Rooster Teeth Games is an American video game developer, publisher and distributor based in Austin, Texas, serving as Rooster Teeth's video game division. It is focused on "bridging the gap between independent game developers and the worldwide community of gamers."

History
Rooster Teeth Games was officially launched January 25, 2017. The aim is to help indie-developers gain exposure through Rooster Teeth’s large fan-base by developing games on all platforms for their community. The announcement was received positively, with The Mary Sue calling it, "a perfect fit" given the company's "upstart background" starting with Red vs. Blue.

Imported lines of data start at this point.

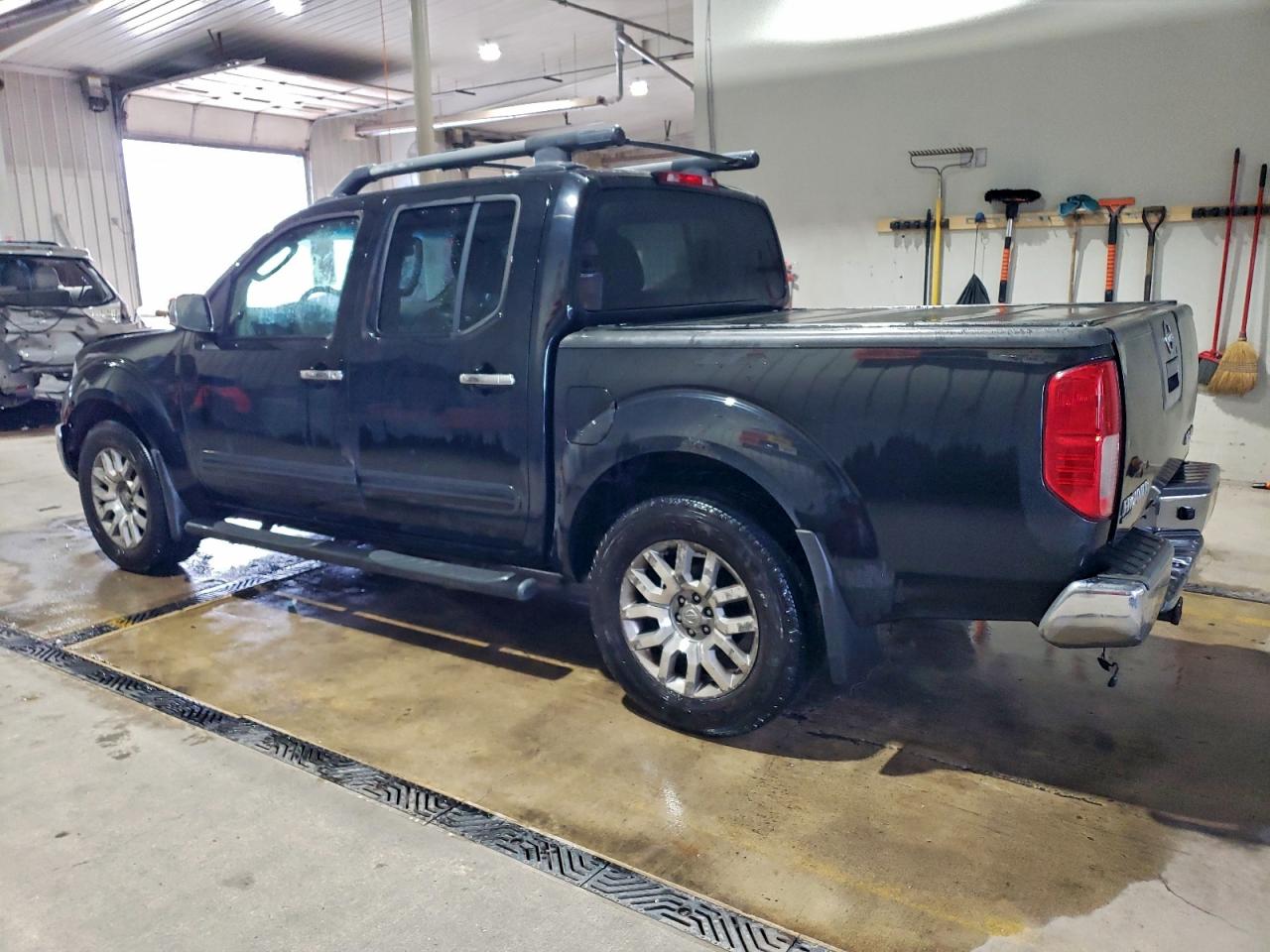 2010 NISSAN FRONTIER CREW CAB SE photo 4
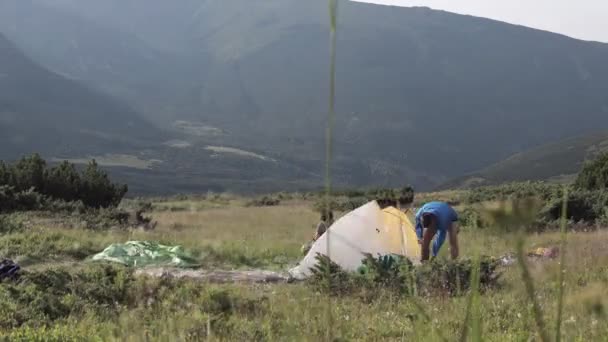 Timelapse Man Campers Setting Camp High Mountains Puts Tent — Stock Video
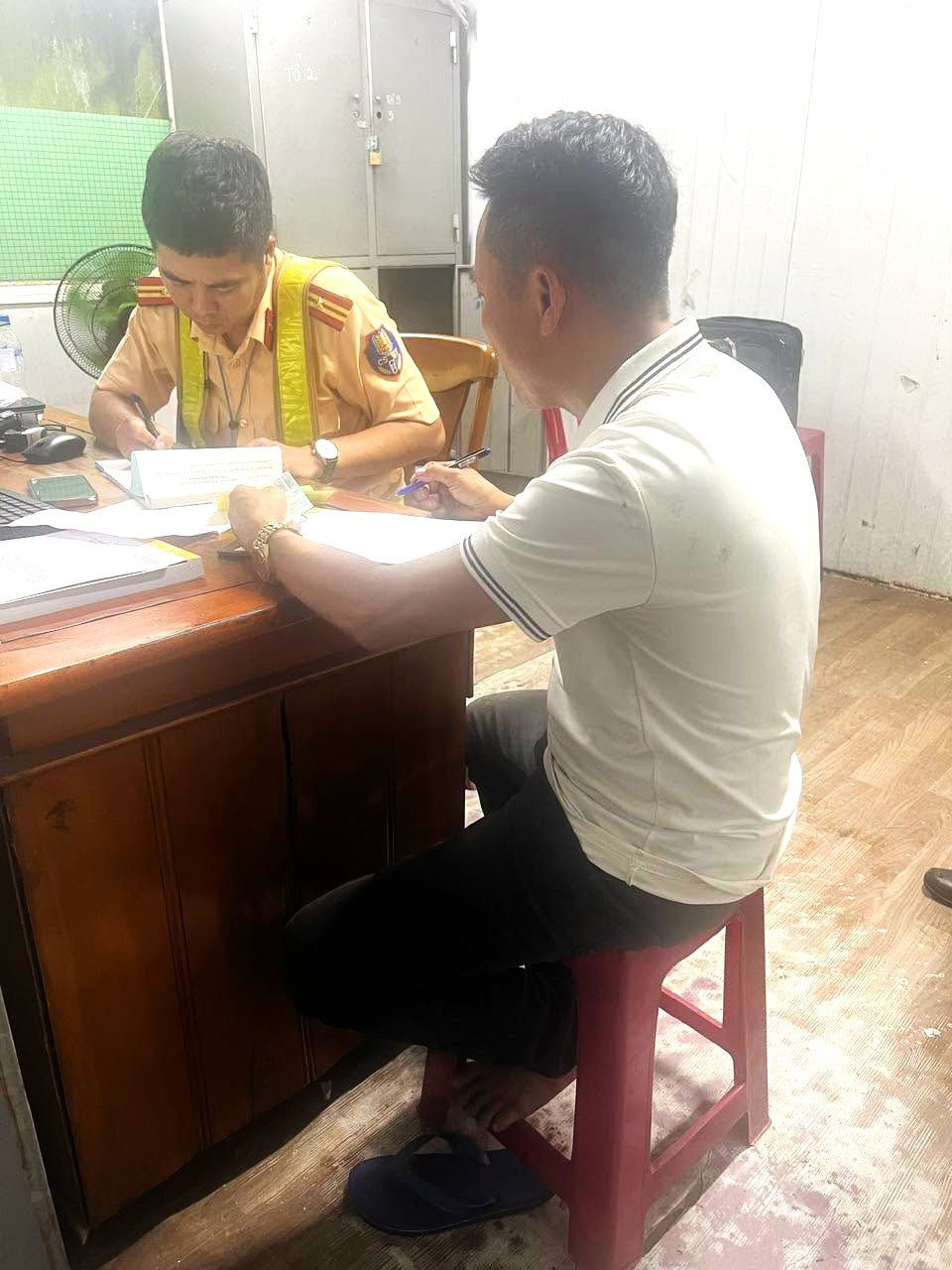 Xe k phù hiệu3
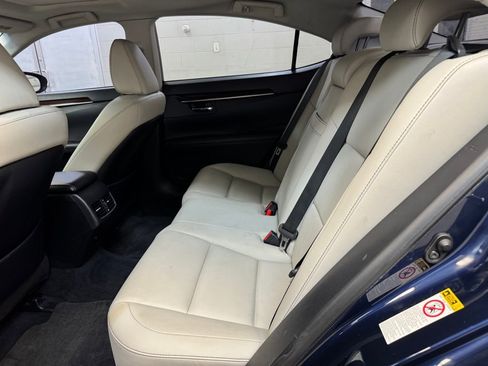 Used 2013 Lexus ES 350 w/ Premium Pkg image 16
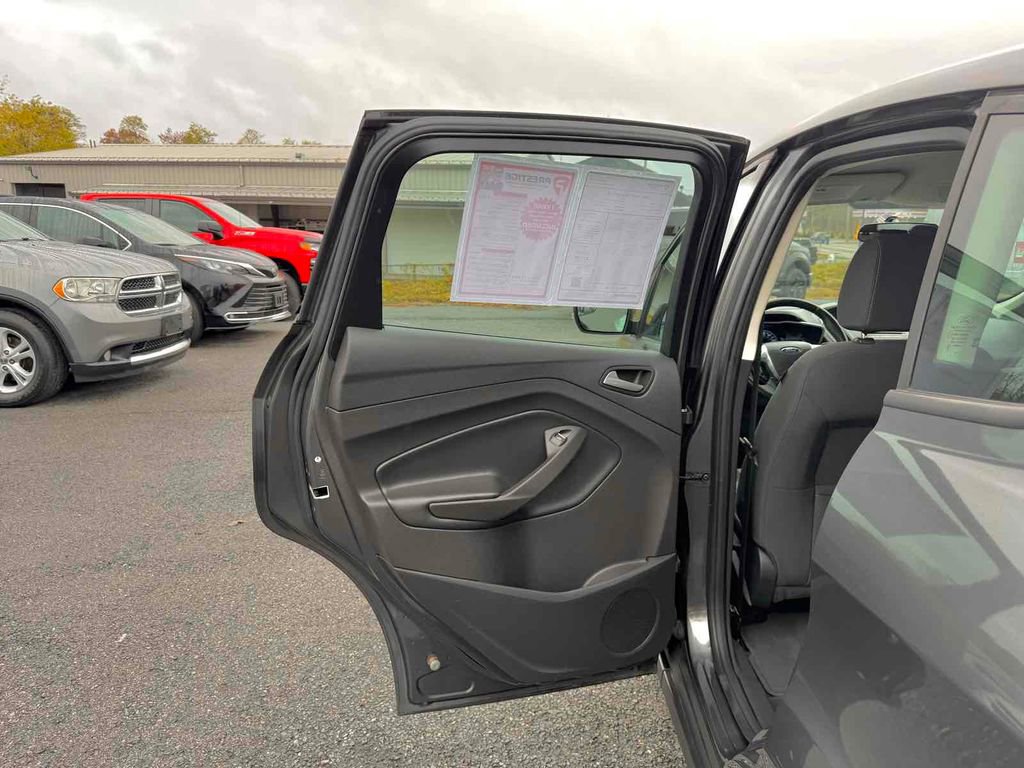 Used 2017 Ford C-MAX SE image 16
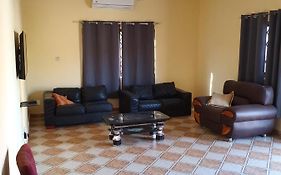 Fabulous Apartment, 2 Master Ensuite Bedrooms, 3 Toilets, 3 Baths, Hot Water, Air Conditioned, Separate Fitted Kitchen, Separate Living Room, Large Compound, 24Hr Security, Electric Fenced Wall, Restaurant, Bar, Wifi, About 20 Minutes From The Airpor Accra Exterior photo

RWBY: Grimm Eclipse is a traditional hack and slash single and multiplayer game that uses chain combos and is based on the popular anime RWBY. It was originally developed in 2014 by a fan, Jordan Scott, in celebration of Rooster Teeth's anniversary. At RTX 2014, Rooster Teeth announced that they had hired Scott, and officially picked up the game.  Rooster Teeth CEO Matt Hullum stated, "RWBY is a natural choice for us to focus on for our first in-house produced video game. Fans can expect that we will bring the same level of originality in action, comedy and design to the video game that has made the RWBY animated series such a hit." RWBY: Grimm Eclipse  was a bestseller when it was released on Steam in the summer of 2016 and is a top-10 seller on PS4 and Xbox One. They were awarded Best Video Game Studio/Developer 2014 by The Austin Chronicle for RWBY: Grimm Eclipse.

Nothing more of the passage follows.